[Saved entries]
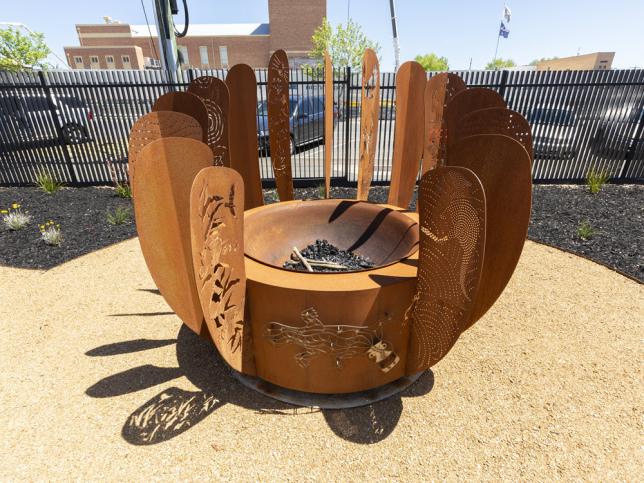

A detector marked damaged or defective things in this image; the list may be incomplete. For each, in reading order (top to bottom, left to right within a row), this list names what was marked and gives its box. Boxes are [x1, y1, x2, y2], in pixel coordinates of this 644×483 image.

rusty metal fire pit [127, 50, 532, 408]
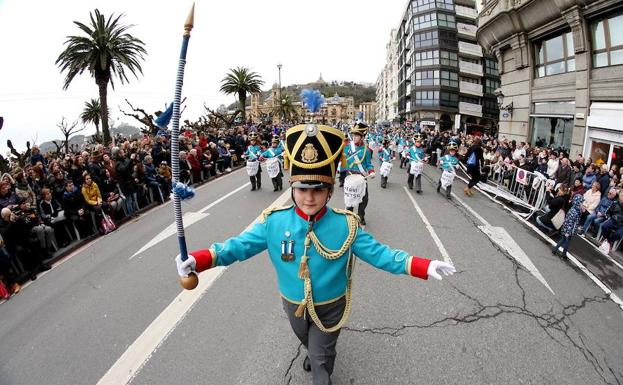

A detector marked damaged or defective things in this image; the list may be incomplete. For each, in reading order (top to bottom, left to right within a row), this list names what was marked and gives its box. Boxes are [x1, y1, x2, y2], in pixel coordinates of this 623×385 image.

crack in asphalt [286, 342, 302, 384]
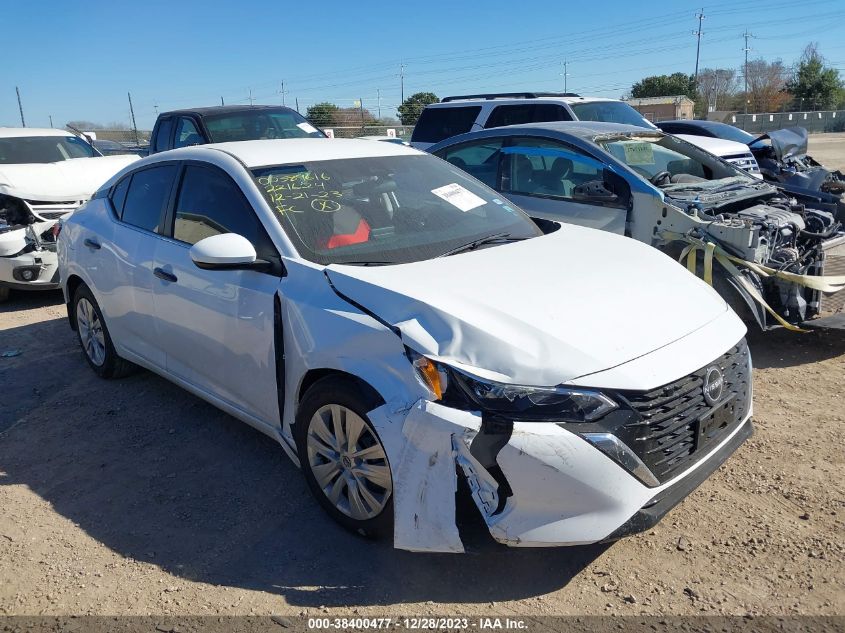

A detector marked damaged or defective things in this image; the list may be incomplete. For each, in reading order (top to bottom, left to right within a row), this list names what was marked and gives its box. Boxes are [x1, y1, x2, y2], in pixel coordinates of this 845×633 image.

◆ Work to be completed
What the answer needs is every line from the one containing "this 623×385 image." through the final line of the data above, copied exactly, without pictures.

◆ Written solution
A detector marked damaged or defective things in this image; the list may be incomplete. For each, in reading order (top to bottom, left to right within a row), this list names what was marked and gives its box. Boxes are [x1, y1, x2, y2], in pixel coordinates of this 623×385 image.

crack in asphalt [286, 342, 302, 384]

A detector marked damaged or defective things in this image; the list may be incomplete. For each, in reading order (top to bottom, left to right within a row), this list names what was marked and gives its box. Boxes are [x1, y1, x2, y2], in pixel coordinates of this 845×633 image.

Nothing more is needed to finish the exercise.